Most schools will have their own supplemental essays. This is one area where Common App essay examples and supplemental college essay examples will differ. Our Common App essay samples were submitted to all colleges, while these short essay examples were submitted to individual colleges. 

As our example why this college essays show, it’s important to research the schools on your list before you complete any college essay prompts. Why this college essays that work establish three things—a personal anecdote, details about the college’s offerings, and the connection between a writer’s personal story and the college. Essentially, the best college essays help the reader visualize how a student will succeed at that school. 

A ‘Why Dartmouth’ essay that worked

Why this college essay examples are a useful tool as you prepare your application for any top school. When reading this Dartmouth essay, pay attention to the clearly articulated and cohesive details. The best college essay examples will be easy to read and convey lots of information in a limited number of words. 

I always had a keen interest in numbers, probability, and finance. Early on, I could quickly calculate sales tax, analyze probabilities, and visualize complex mathematical models. After taking AP classes in economics and statistics, I became intrigued with mathematical representations for economic markets and statistical models. This sparked my desire to pursue an actuarial career to utilize my talents in quantitative reasoning. The Major in Mathematical Data Science will provide me the skills to apply abstract mathematical and statistical theories to the concrete world. I will also have the opportunity to stimulate my academic intrigue through an intensive research project. 

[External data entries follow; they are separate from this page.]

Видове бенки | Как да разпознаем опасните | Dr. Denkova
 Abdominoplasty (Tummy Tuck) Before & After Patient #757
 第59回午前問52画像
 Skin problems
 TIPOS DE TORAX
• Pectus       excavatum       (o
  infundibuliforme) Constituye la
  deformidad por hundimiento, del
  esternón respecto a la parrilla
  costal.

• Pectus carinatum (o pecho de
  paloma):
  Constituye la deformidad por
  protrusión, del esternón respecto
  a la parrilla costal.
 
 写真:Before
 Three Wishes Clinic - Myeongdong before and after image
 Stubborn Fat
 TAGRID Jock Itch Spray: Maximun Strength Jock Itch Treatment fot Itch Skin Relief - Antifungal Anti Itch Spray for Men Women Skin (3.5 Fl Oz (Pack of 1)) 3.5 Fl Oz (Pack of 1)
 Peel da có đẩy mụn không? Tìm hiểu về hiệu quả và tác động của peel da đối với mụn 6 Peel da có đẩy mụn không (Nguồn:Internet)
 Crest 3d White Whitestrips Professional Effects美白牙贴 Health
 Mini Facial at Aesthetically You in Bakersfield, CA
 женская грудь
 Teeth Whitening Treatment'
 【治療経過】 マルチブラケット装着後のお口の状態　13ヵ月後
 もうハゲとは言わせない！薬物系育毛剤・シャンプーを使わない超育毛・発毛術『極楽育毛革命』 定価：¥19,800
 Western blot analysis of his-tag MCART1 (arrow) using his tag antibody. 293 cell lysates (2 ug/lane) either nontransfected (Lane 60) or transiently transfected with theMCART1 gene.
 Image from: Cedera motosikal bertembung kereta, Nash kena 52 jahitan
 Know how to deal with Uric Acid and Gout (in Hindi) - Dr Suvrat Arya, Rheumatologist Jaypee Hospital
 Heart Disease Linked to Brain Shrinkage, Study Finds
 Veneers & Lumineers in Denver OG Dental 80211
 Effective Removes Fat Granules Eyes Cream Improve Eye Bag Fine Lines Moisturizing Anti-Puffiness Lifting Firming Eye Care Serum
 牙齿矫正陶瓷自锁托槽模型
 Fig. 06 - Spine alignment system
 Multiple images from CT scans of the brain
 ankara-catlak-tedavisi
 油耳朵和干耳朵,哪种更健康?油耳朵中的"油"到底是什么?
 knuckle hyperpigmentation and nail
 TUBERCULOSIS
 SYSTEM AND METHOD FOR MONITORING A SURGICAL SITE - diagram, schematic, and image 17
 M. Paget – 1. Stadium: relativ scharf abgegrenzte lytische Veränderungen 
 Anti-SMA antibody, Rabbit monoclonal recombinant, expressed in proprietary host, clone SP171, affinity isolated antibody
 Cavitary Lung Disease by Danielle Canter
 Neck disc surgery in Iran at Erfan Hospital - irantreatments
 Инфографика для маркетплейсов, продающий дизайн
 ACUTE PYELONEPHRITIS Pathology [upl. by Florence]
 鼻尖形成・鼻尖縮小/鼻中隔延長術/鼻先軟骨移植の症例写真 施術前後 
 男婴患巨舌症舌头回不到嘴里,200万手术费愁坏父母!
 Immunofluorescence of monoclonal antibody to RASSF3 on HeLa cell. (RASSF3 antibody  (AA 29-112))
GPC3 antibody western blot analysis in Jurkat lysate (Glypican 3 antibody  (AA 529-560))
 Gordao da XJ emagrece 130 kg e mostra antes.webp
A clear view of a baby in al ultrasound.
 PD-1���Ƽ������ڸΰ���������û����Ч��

Good college essays do more than discuss why the applicant wants to study their major. They also go beyond why that school would be a good fit for their interests. College essays that worked also show why the applicant would make that school a better place.  

As this Dartmouth essay shows , the best college essays illustrate a track record of involvement to support the applicant’s proposed path forward. In this Dartmouth essay, the applicant plans to become an actuary. Given this student’s background, this feels like an attainable and sincere goal.

Something else to note about this Dartmouth essay is that the writer doesn’t use big fancy words or elaborate sentence structure. Good college essays are well-planned, written intentionally, and free from errors. However, they still sound like high schoolers wrote them! Like our examples of college essays, your short essays should feel natural and authentic. 

‘Why UChicago’ essay examples

Why UChicago essay examples provide useful insight into what UChicago —and other top schools —look for when evaluating applicants. These Why UChicago essay examples also have qualities that you can think about when looking at Stanford essay examples, why NYU essay examples, or others!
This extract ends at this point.